Once we’ve dealt with the mass starvation, vast numbers of deaths from malaria, horrendous poverty, etc., then we can start paying a lot more attention to awesomeness.
What if, for practical purposes, there is an inexhaustible supply of suck? What if we can’t deal with it once and for all and then turn our attention to the fun stuff?
So, judging from the reception of my post about the Malthusian Crunch certain Wrongians sense this and have gone into denial (perhaps, if they’re honest with themselves, privately admitting the hope that if they ignore the starving masses long enough, they will go away).
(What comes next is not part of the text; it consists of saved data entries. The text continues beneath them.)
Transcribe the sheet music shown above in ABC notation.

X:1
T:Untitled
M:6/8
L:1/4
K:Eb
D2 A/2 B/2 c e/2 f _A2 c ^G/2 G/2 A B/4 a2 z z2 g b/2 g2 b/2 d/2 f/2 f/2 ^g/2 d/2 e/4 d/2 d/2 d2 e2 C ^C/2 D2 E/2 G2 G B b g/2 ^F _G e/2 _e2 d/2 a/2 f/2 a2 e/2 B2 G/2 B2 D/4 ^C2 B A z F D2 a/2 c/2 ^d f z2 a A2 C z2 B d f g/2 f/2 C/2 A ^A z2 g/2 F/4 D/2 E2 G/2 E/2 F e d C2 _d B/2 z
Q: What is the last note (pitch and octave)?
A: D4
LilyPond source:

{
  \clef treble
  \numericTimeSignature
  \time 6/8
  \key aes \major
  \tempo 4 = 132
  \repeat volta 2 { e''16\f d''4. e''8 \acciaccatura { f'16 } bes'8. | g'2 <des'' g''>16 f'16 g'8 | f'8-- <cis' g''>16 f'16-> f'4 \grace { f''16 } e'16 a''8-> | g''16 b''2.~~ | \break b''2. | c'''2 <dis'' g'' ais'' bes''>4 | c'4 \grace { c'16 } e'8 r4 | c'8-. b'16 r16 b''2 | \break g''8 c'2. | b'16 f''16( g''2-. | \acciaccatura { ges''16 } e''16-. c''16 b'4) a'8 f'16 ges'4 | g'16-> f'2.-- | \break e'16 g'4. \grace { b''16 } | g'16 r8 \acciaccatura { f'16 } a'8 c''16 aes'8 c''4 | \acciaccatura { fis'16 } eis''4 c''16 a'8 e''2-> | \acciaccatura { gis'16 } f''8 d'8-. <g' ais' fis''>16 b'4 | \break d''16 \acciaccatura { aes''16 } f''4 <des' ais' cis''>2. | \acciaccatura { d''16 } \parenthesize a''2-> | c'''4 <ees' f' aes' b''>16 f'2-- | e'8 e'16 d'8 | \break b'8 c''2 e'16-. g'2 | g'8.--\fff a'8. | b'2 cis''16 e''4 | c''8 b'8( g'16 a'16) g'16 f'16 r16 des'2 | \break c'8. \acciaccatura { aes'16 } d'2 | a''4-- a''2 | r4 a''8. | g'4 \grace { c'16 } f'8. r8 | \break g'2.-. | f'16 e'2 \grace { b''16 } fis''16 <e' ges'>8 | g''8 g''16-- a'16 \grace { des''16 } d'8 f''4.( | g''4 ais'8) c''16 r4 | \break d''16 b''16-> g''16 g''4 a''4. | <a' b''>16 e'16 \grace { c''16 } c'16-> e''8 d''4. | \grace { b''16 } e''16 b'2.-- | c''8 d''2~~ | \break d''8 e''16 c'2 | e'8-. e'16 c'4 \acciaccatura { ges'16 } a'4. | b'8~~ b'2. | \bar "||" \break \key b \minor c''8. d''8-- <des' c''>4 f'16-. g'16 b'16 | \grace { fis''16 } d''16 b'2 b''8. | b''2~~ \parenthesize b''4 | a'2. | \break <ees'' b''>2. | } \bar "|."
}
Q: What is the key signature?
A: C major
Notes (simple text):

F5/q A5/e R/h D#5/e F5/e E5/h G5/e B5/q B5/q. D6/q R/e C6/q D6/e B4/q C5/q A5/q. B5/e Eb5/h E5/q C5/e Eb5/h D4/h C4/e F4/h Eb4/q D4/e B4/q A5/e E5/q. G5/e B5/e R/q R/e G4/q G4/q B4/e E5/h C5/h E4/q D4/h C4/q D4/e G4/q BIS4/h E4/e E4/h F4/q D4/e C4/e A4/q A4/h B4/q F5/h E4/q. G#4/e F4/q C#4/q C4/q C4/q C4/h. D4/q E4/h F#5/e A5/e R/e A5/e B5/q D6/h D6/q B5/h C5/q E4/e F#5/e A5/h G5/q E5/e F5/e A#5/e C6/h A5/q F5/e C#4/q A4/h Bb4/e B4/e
I propose a middle ground between giving everything and giving nothing—a non-arbitrary cutoff for how much help is enough. A cutoff that can be defended on pragmatic grounds without having to assume a shared normative morality.
You put just enough resources into pure suckiness remediation to insure that spillover suckiness will not derail your awesomeness plans. I emphasize pure because there are pursuits that simultaneously strive for new heights of awesomeness and fix suck in equal measure. Obviously this quality is desirable and such projects should not be penalized for having it.
You might be right. I hope not, though, because that means it will take even longer to escape from the planetary cycle of overshoot and collapse.
Then again, it’s good to be ready for the worst and be pleasantly surprised if things turn out better than expected.